TASK DESCRIPTION » Output only the lines from the line holding "Mocassino uomo in suede beige - 4" through the close of the records, exactly as they appear, with all pictures omitted.

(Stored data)
━━━━━━━━━━
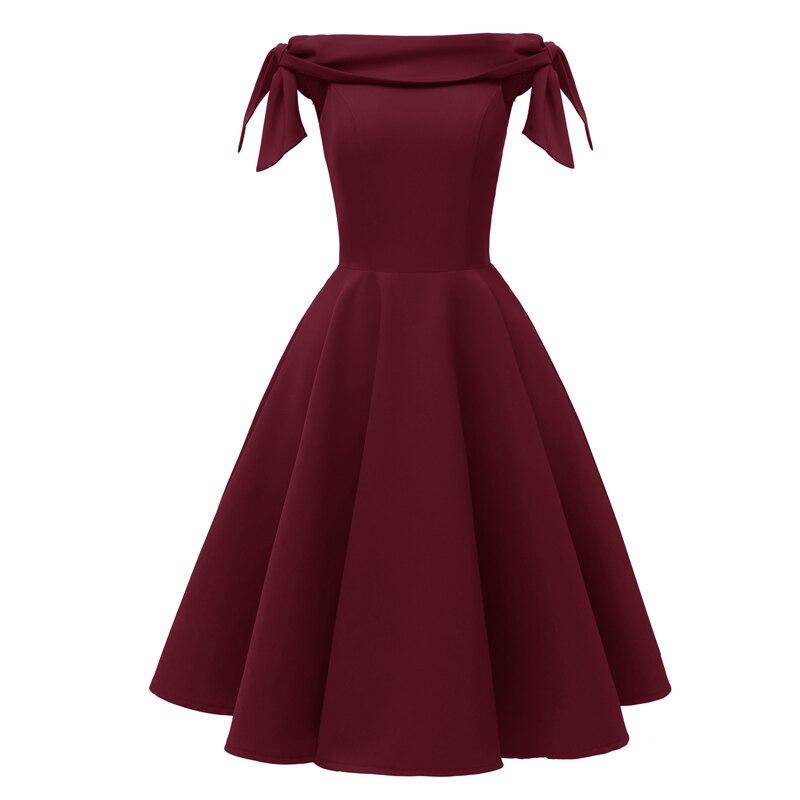 Vintage Burgund Kveldskjole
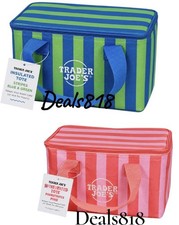 Lot of 2 NWT Trader Joe  s Mini Insulated Bag Pink Blue STRIPED 2026  PRE-ORDER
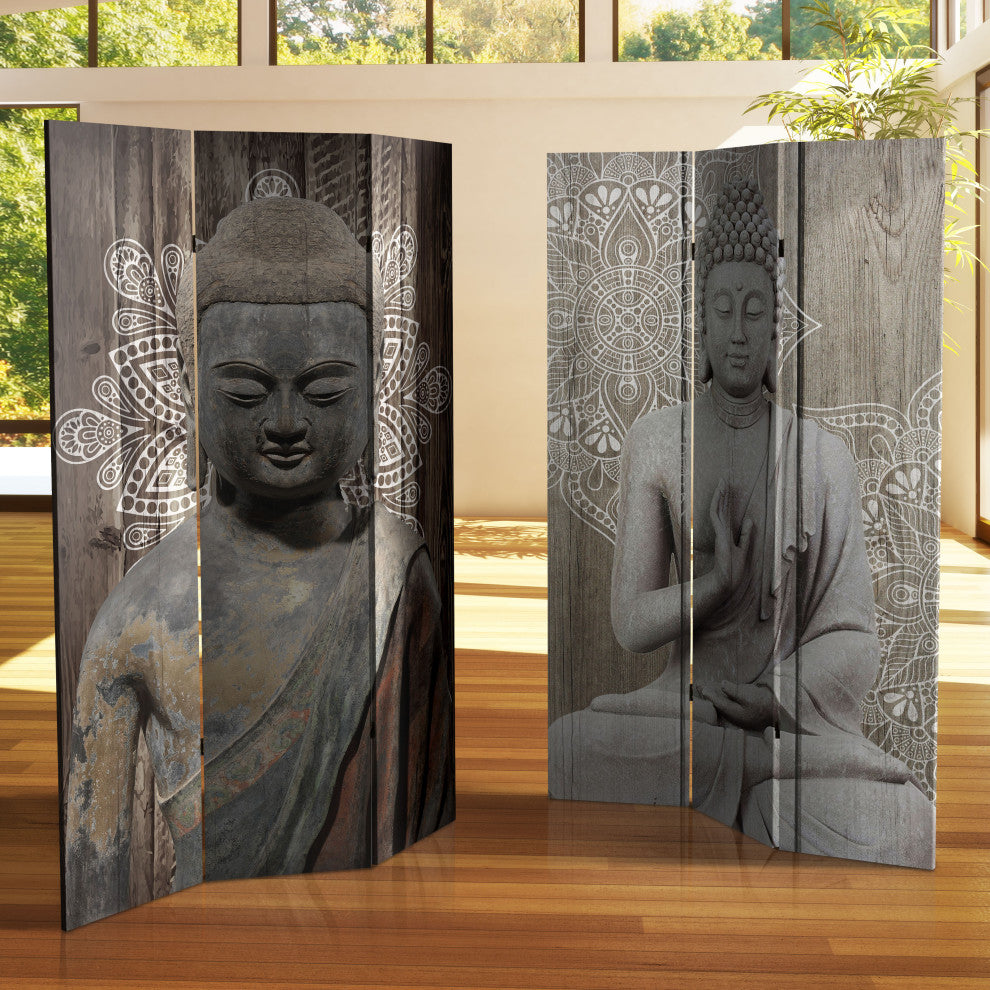 6' Tall Double Sided Stone Buddha Canvas Room Divider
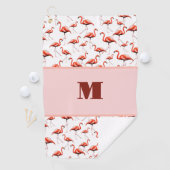 Leuke Flamingo roze custom monogram dames Golfhanddoek (Insitu)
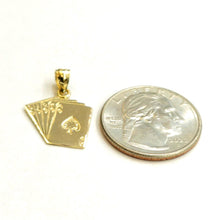 Load image into Gallery viewer, 14k yellow Gold royal flush spade A K Q J 10 poker cards Pendant jewelry 1.5g
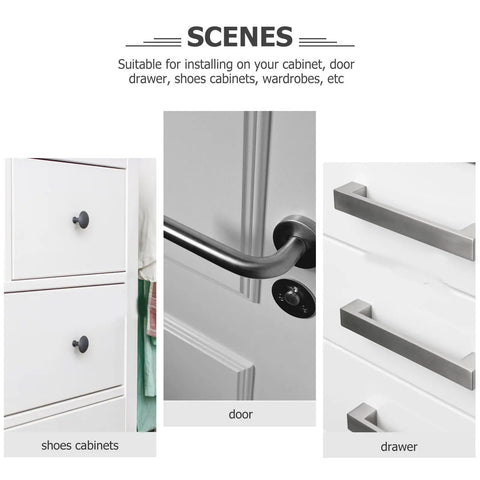 Collage of cabinet door handles including knobs and pulls on drawers in a wardrobe. Focus on brass single hole drawer pull handle.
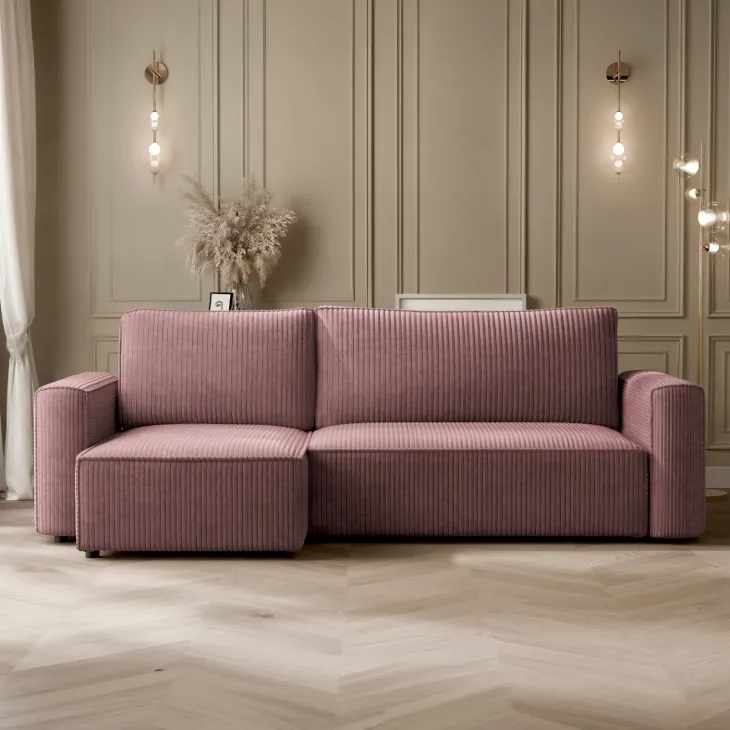 Divano letto angolare reversibile 243x142cm velluto a coste rosa antico Ofelia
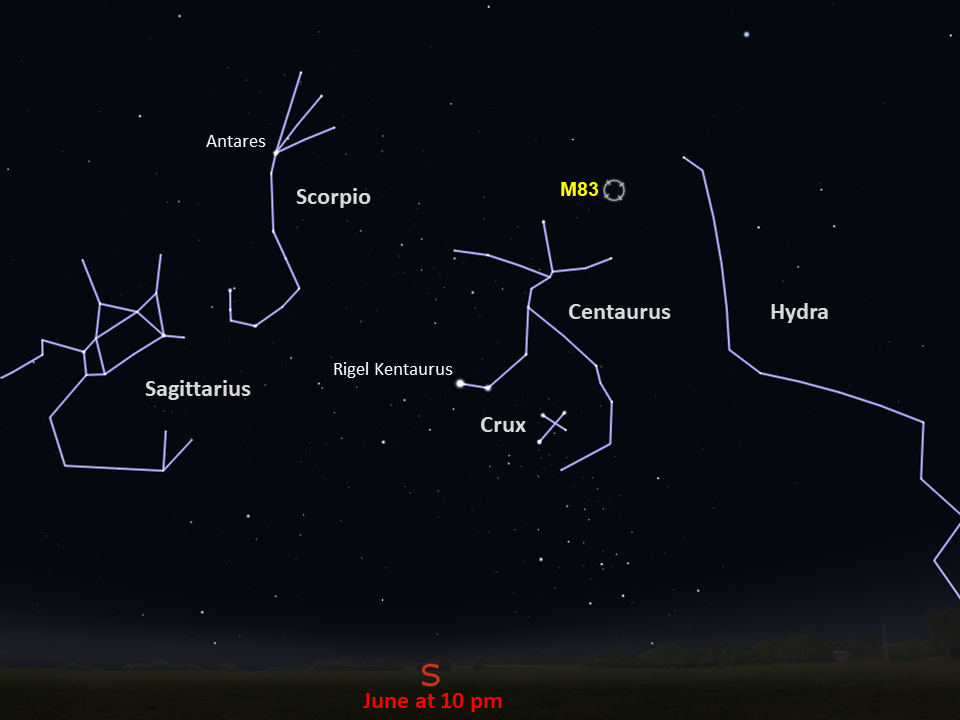 locator star chart for M83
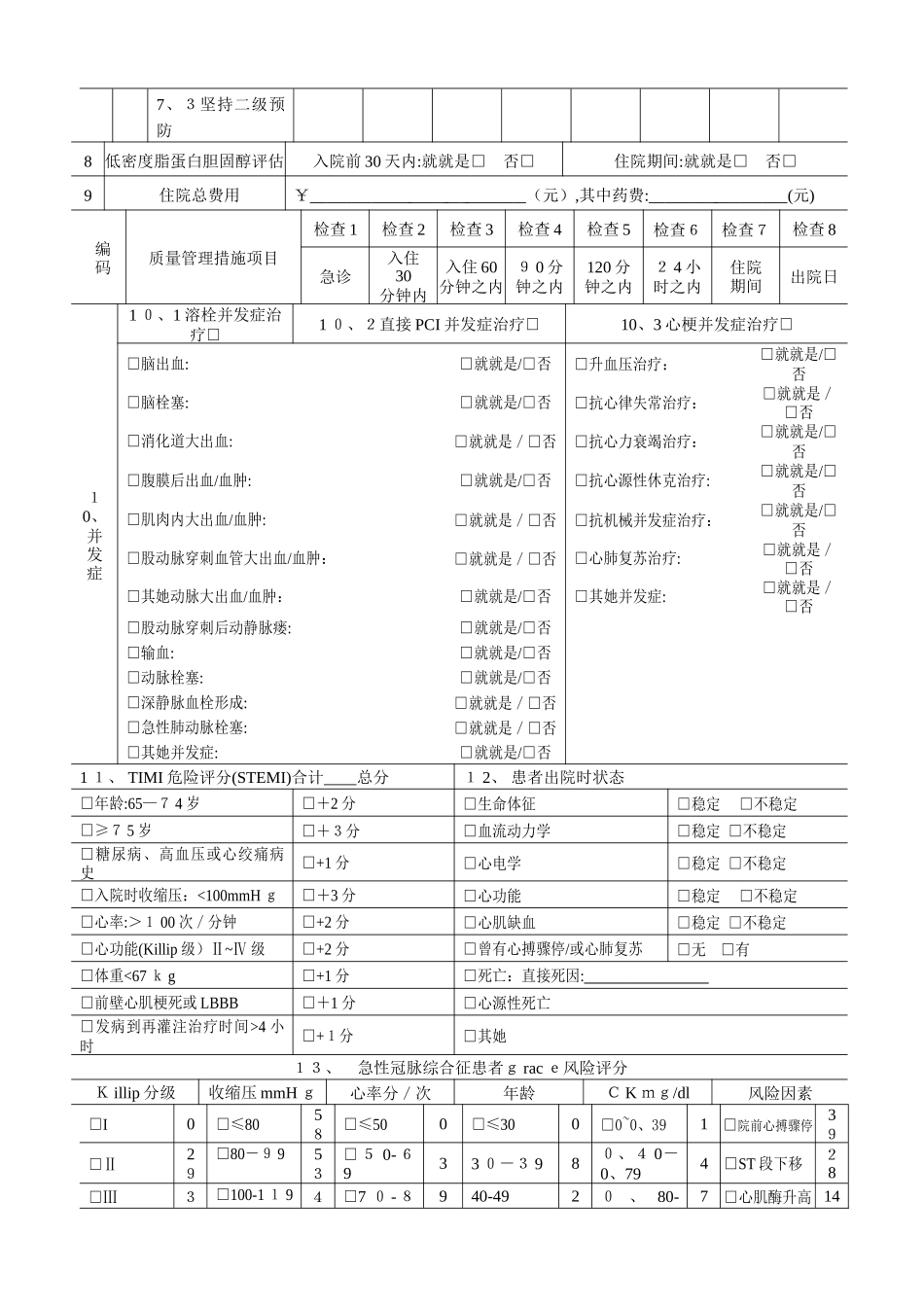 七个单病种质量管理自我评价简表_第2页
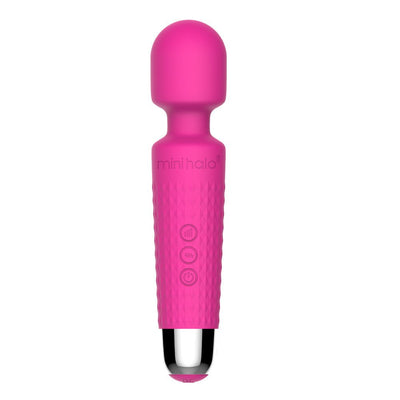 Compact bright pink Mini Halo wireless wand with textured silicone grip and three control buttons, sleek silver base.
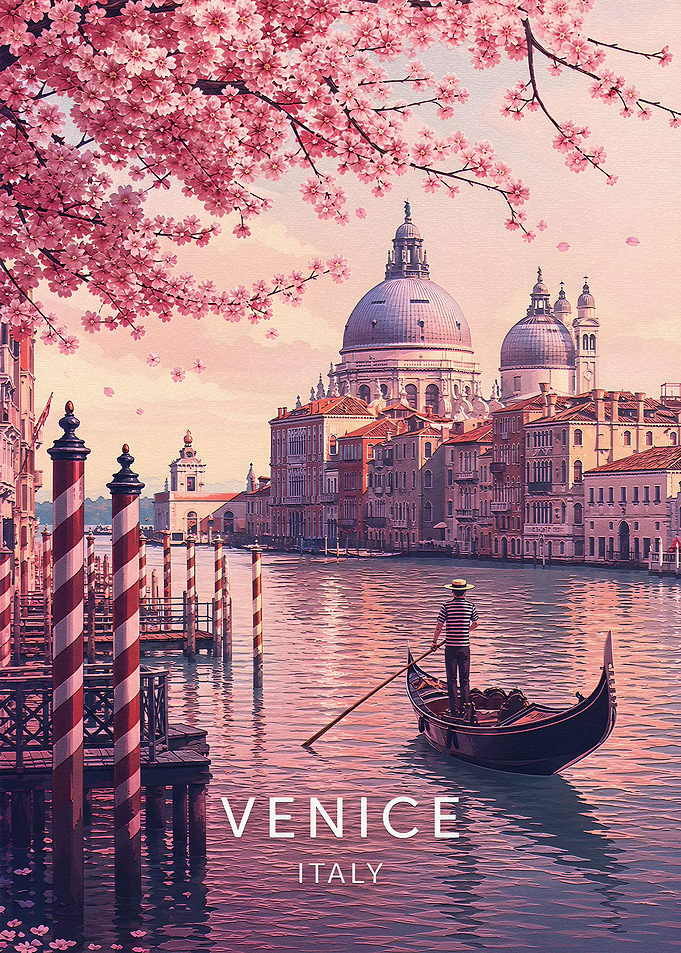 Venice Gondola Under Cherry Blossoms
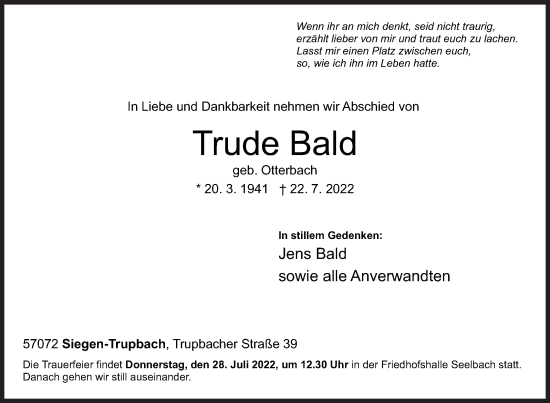 Traueranzeige von Trude Bald von Siegener Zeitung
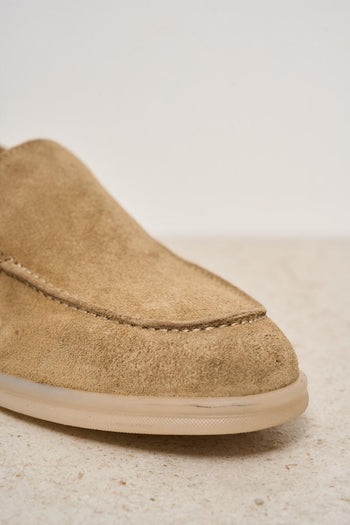 Mocassino uomo in suede beige - 4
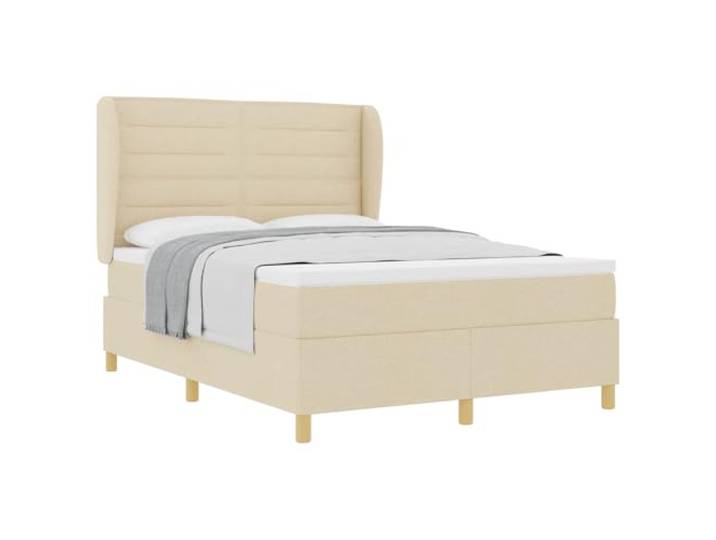 vidaXL Boxspringbett mit Matratze Creme 200 x 160 cm Stoff Große Unterstützung mit druckentlastendem Schaumstoff, atmungsaktiver Stoff für eine lange Lebensdauer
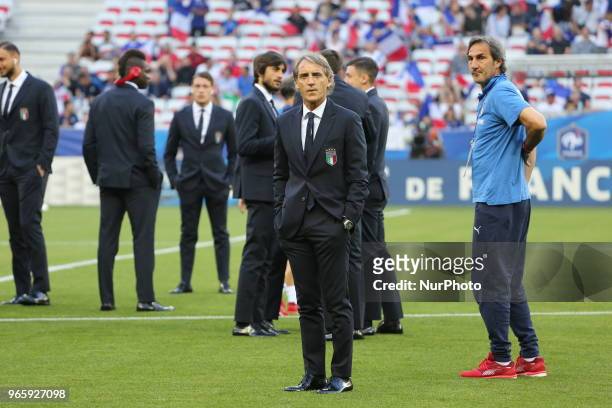 Roberto Mancini, head coach of Italy National Team, before the friendly football match between France and Italy at Allianz Riviera stadium on June...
━━━━━━━━━━
OUTPUT FOR THIS EXERCISE »
 Mocassino uomo in suede beige - 4
 vidaXL Boxspringbett mit Matratze Creme 200 x 160 cm Stoff Große Unterstützung mit druckentlastendem Schaumstoff, atmungsaktiver Stoff für eine lange Lebensdauer
 Roberto Mancini, head coach of Italy National Team, before the friendly football match between France and Italy at Allianz Riviera stadium on June...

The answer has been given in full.